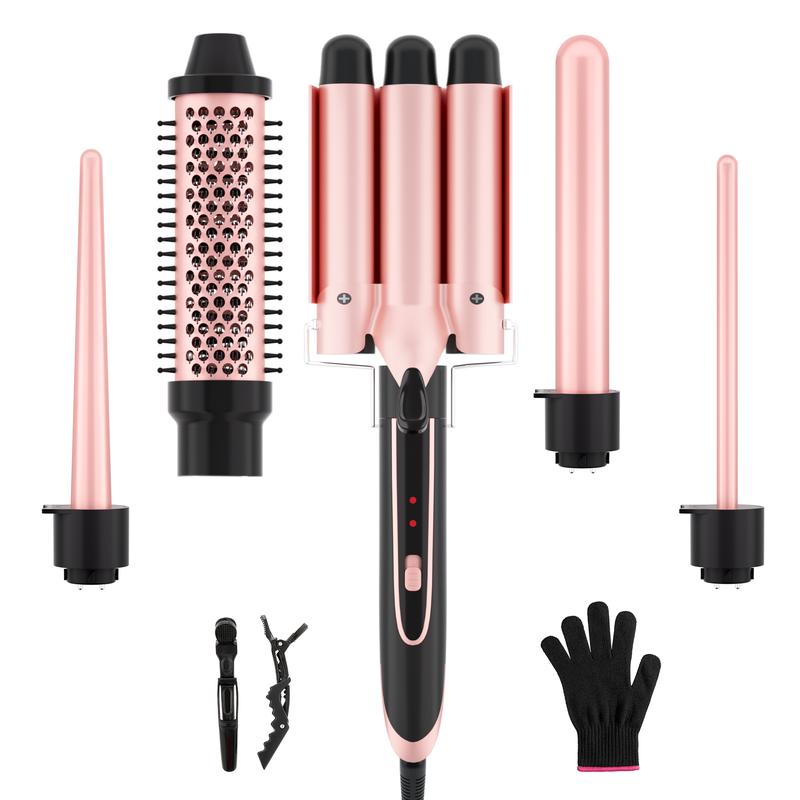 Heikki Vision 5 in 1 Curling Iron Set with 4 Interchangeable Ceramic Fast Heat, Wand Hair Crimper, Dual Voltage Hair Waver with Protective Glove & 2 Clips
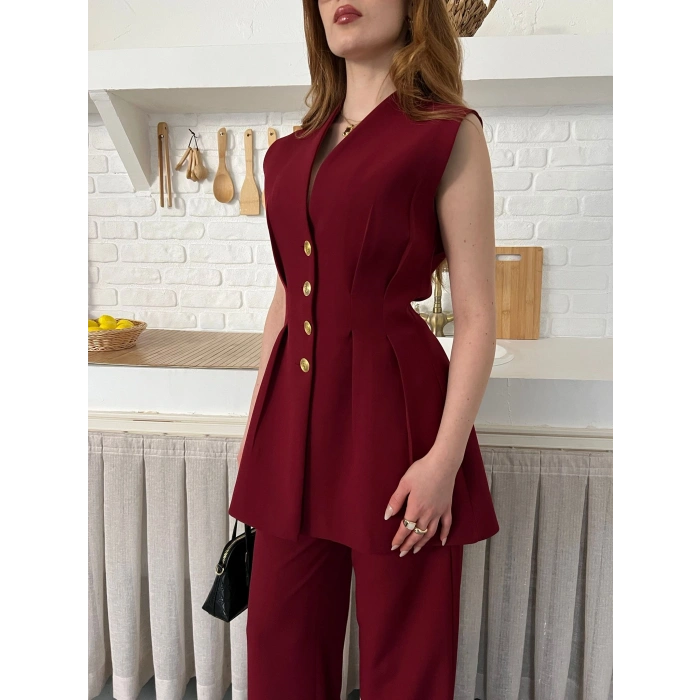 Gold Düğme Detaylı İkili Takım Bordo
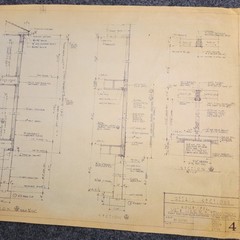 Vintage House Blueprint 33×17 1964 Mid Century Modern Drawing Art Glen Ellyn IL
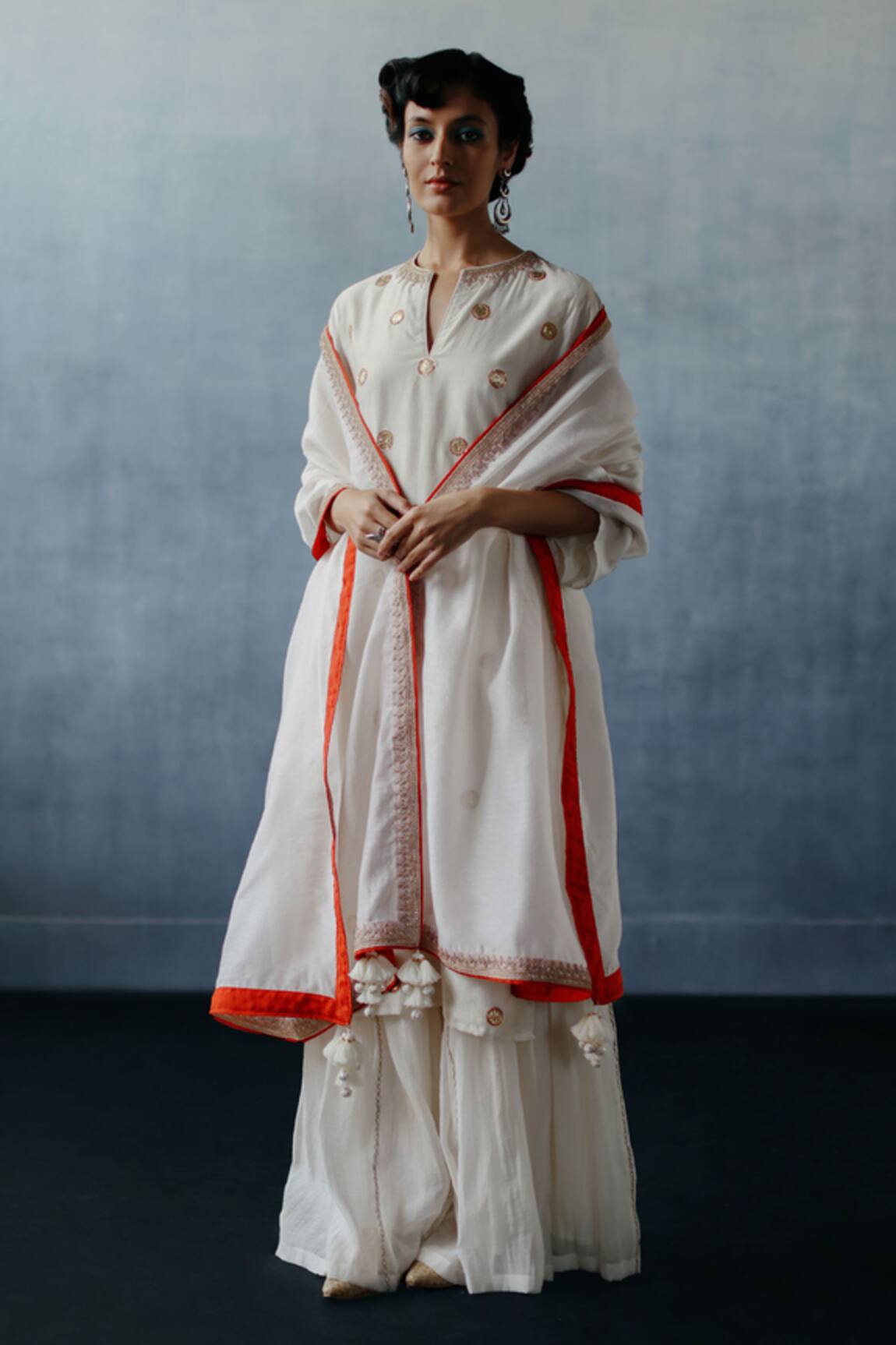 Avacara Embroidered Kurta Sharara Set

Exercise description.
The expected result is the data above in exact form, free of pictures.

Answer section.
 Heikki Vision 5 in 1 Curling Iron Set with 4 Interchangeable Ceramic Fast Heat, Wand Hair Crimper, Dual Voltage Hair Waver with Protective Glove & 2 Clips
 Gold Düğme Detaylı İkili Takım Bordo
 Vintage House Blueprint 33×17 1964 Mid Century Modern Drawing Art Glen Ellyn IL
 Avacara Embroidered Kurta Sharara Set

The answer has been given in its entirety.